Nos conectamos a las 16:00. Para Mauro, “el mundo que ya no existe” es el de la tierra incógnita e inalcanzable.
A mí la extinción de la especie me preocupa poco. Es una constatación, no una declaración de principios. Pero cuando intento imaginar las vidas y mundos que habitarán mi hijo y mi hija, ahí sí me angustia el futuro. “El mundo que ya no existe”, le digo a Mauro, es el de la humanidad que ‘progresa’ mientras avanza depredando la naturaleza.
(Es lo que quise decir. No hay registro de nuestras palabras exactas.)
Ambos sabemos que esos mundos —el que contiene lo humano y lo inhumano en compartimentos aparte, y el otro que nos ofrece recursos naturales infinitos— no existieron nunca.
Nunca fueron reales. Y ambos se están acabando.
Al entrar en la cordillera, en los bosques de araucarias, Mauro tiene enfrente la imagen de uno de esos mundos: el paisaje vasto, inabarcable y extraño de la naturaleza prehumana.

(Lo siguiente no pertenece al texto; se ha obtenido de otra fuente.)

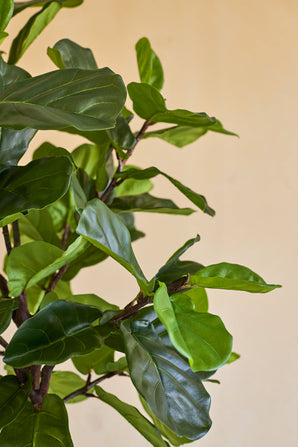 Nærbillede af Artificial Ficus Tobacco Plant Deluxe 180 cm, med sine frodige, blanke grønne blade og slanke brune stængler mod en almindelig beige baggrund.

Lo que esa imagen esconde, sin embargo, no son los secretos de “lo natural”, sino los efectos de nuestras acciones desmesuradas.
Esos efectos invisibles están en los hongos que abruman al pewén o, mejor: en la proliferación desmedida de estos hongos “nativos” de la araucaria. (Es la acción humana la que provoca el desborde: el calentamiento global, la pérdida de hábitat, el fuego.)
Y están también en el fuera de campo. Uno elige hacia dónde mirar y hemos elegido, ya dos veces, apartar la vista de la escena ridícula del progreso que no avanza: la escena en que un auto queda atrapado en la nieve o en la ambición de su piloto de detenerse sólo cuando se haya acabado el camino.
“De porfiada la gente siempre quiere acercarse más”, dice Mauro. “Hay adrenalina, ganas de llegar lo más arriba posible. No quieres arriesgar; tampoco quieres poner tú el límite.”
“Construimos ciudades para escapar del miedo a la muerte”, le respondo parafraseando Evangelion. Pero no termino la idea. “La ciudad”, le diría ahora, “es una protección, a un tiempo real e ilusoria, contra la muerte”. Y nunca es suficiente. Entonces vamos a buscar los límites de esa ciudad y ahí queda claro que la muerte la llevamos nosotros: que le hacemos el quite y también la deseamos.